Tuesday, August 23, 2011


(Oddly enough, a few days after I originally wrote this, I saw this post on Dangerous Crayon on my Google Reader. I had no idea it was national s'mores day on the 10th, and I was surprised that we happened to use the same recipe and had such different opinions of the outcome.)
My sister Margs and I love s’mores.  I mean we don’t reserve them for special campfire moments, we will make them over the gas range, or in a pinch we’ll make them in the microwave.  We have been known to make them with fudge frosting when the chocolate bars run out, that’s how much we love s’mores.  So now that we can make our own graham crackers, the next logical step was to give marshmallows a try, right?
I did a fair amount of searching for a recipe.  There are a few ways to go on this one- your standard gelatin and corn syrup variety, corn free, gelatin free, and corn and gelatin free.  I thought for my first attempt, I’d go the conventional route with the gross gelatin and corn syrup.  I found a decent recipe from Alton Brown on the food network website. We made a half batch.
 1 ½ packets unflavored gelatin ($1.79 per 4 packets, 1.5 x $.45 per packet = $.67)
½ cup ice cold water, divided (free)
6 ounces granulated sugar, approximately ¾ cup ($2.99 per 5 lb, or $.598 per lb, $.598 x .375 lb = $.22)
½ cup light corn syrup ($2.99 per 16 oz, $2.99/4 = $.75)
1/8 teaspoon kosher salt  ($2.75 per 48 oz, $2.75/ 2266 1/8 tsp servings = less than $.01)
½ teaspoon vanilla extract  ($3.77 per 2oz, $3.77/24 ½ tsp servings = $.16)
2 Tbsp confectioners' sugar  ($1.47 per 32oz, $1.47/ 60 2 Tbsp servings = $.02)
2 Tbsp cornstarch ($1.17 per 16 oz, rough estimate = $.04)
Marshmallow is a sticky mess!
Well, I had a few issues with these.  My biggest problem was the distinctly barnyard smell to the mixing mallow.  I know what gelatin is, but I didn’t expect my confection to smell like hooves (which I guess is silly of me).  I also added the recommended amount of vanilla, and they were way too vanillay.   Lastly, I thought they were too soft tasting them alone. 
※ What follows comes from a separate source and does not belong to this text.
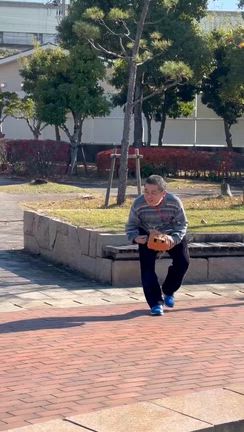 お弁当持ってピクニック③の記事動画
In the end, we ended up toasting the marshmallows over a candle flame in the middle of a power outage.  I expected them to fall apart and taste terrible, but toasted, the vanilla flavor was tempered a bit, and the soft texture actually worked well in a s’more, especially one that was toasted on a fork over a candle! We also used our homemade graham crackers for this, which was very tasty, though it was very messy, just as I had speculated in the graham cracker post.  So messy, in fact, that we had to eat them over the sink!
Finished, ready for cutting
Honestly, I thought they were a pain in the bottom, and weren’t that great.  I’ll try out a gelatin free recipe and see if I feel the same.
Gross shot of the gelatin awaiting the sugar mixture.  Gross!
Try It:
$1.86 for a half batch, 12 oz, or $.16/oz
Buy It:
$.97 per 10 oz, or $.09/oz
Eew.  Just Buy It.  The homemade are twice the price and not good. 
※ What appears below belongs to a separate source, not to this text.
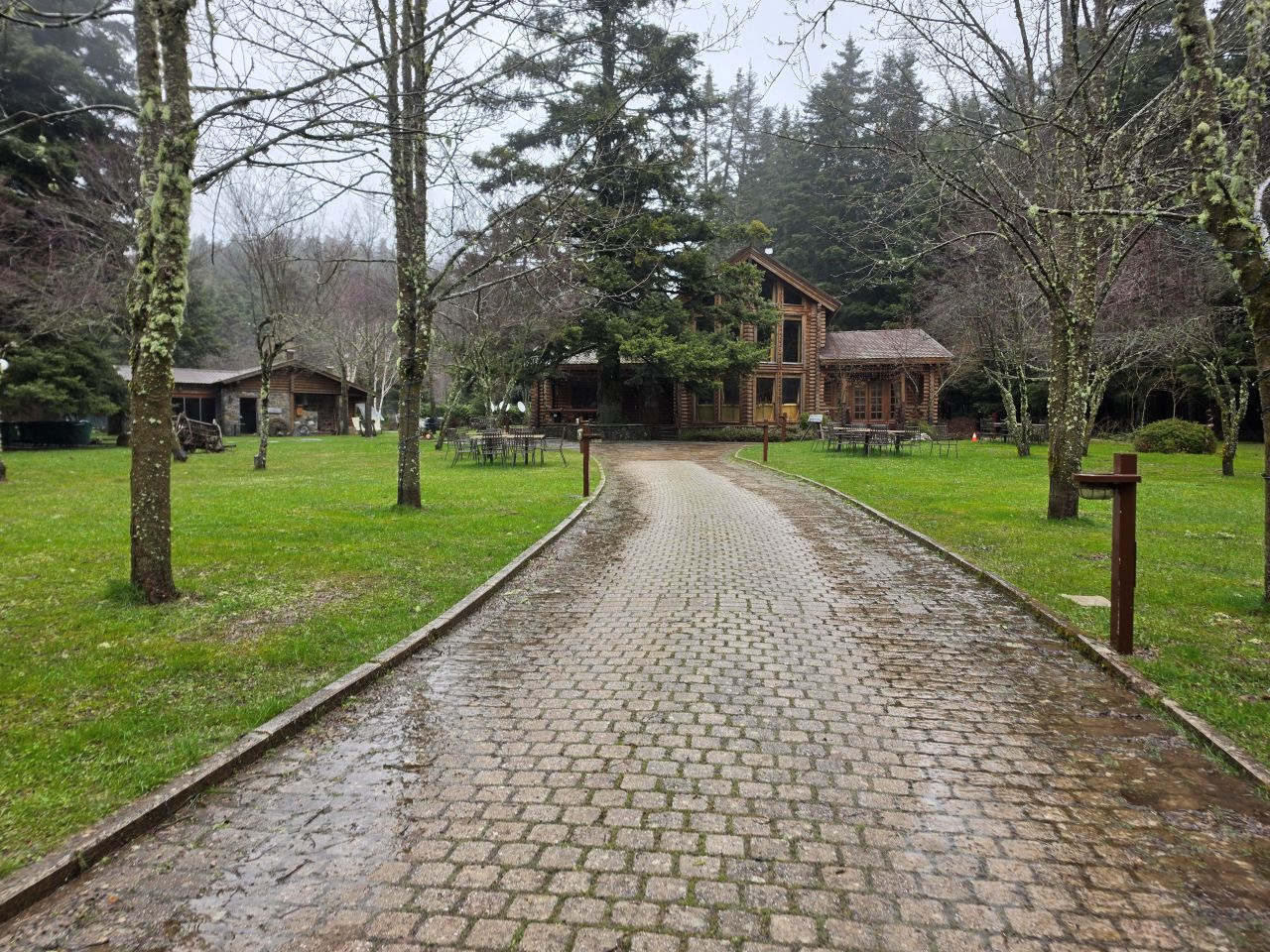 photo9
Anyone have a recipe for marshmallows they love?  Please let me know, I'm still looking!


  1. Well, I liked them. I still don't think it's worth making though, since marshmallows are the type of thing you buy on a whim, but I think they were tasty. Also, I put them in hot chocolate and it was great, except it never dissolved, so it was still sitting at the bottom of my mug at the end, which is just strange.

  2. Although I liked the final outcome of my marshmallows, I was also skeptical of the smell while they were being made. I thought they smelled weird, and not at all like I thought a marshmallow should smell. I even thought the taste was a little odd (the whipped stuff prior to letting it set up) but that could also be because it turned out I caught I stomach bug my niece brought over to my house...

    Anyway - Once they were done, and I was recovered, I liked the taste well enough. They are time consuming to make, which might explain why I haven't made more. Totally not worth making if you don't have an interest in avoiding certain ingredients found in store bought marshmallows.